Bolshevik theorists disagreed over whether their regime would have to engage in primitive accumulation. Bukharin argued that accumulation could and should be achieved on the basis of market exchange with the peasantry under the New Economic Policy, even though it would be a slow process (‘riding into socialism on a peasant nag’). Preobrazhensky and others demanded a faster pace and considered primitive accumulation unavoidable. Stalin finally implemented the second strategy by means of collectivisation, which enabled the state forcibly to procure resources for rapid industrialisation from agriculture.

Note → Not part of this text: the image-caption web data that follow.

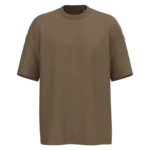 T-shirt écoresponsable oversize homme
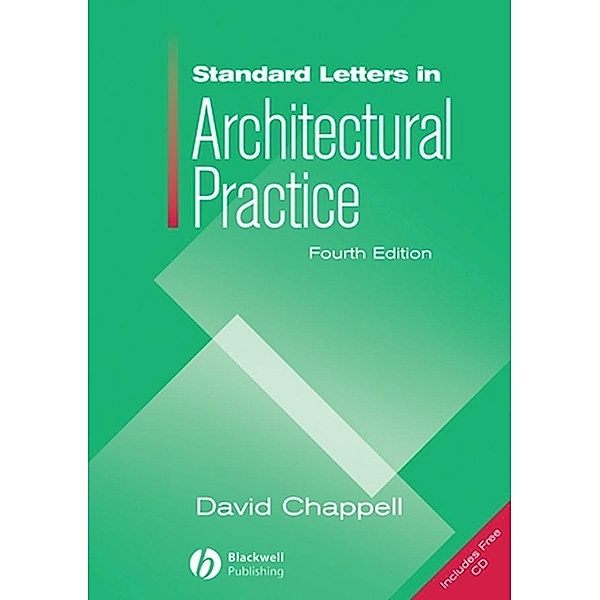 Standard Letters in Architectural Practice, David Chappell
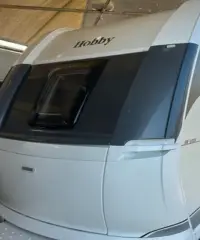 Caravan Hobby 460 SFF DE LUXE in PRONTA CONSEGNA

In an attempt to distance Russian practice from capitalism, the theorists stressed a distinction between ‘primitive capitalist accumulation’ and ‘primitive socialist accumulation’. Clearly, however, there is no real distinction here. The whole debate bears witness to the close parallelism between Stalinist development and its classical capitalist prototype.
Extending the concept of ‘capitalism’
If we deny that the Russian ‘planned economy’ was socialism, what can we call it? Can we call it ‘capitalism’ – or, more specifically, a form of state capitalism?
The ‘planned economy’ did not function in exactly the same way as the capitalism that Marx had analysed in Capital and other works.
In particular, the Russian economy did not contain major units that operated as separate capitals, competing with one another to sell their products in the market. Enterprises of any size or significance were subordinate to industrial ministries and ‘planning’ agencies, all of which constituted a single bureaucratic apparatus. Who was to supply how much of what to whom was specified in advance by the state plan, so in most spheres of activity there could be no competition for customers.
The cycles of boom and slump so characteristic of ‘classical’ capitalism had no direct equivalent in the Russian economy.
Nevertheless, there is a strong case for calling the Russian ‘planned economy’ a form of capitalism despite these differences, even if this can be seen as extending the concept of ‘capitalism’. The justification for such an extension is the role that the Russian system played as an alternative regime of accumulation that substituted for capitalism under certain conditions and occupied the same place as capitalism in the schema of historical evolution.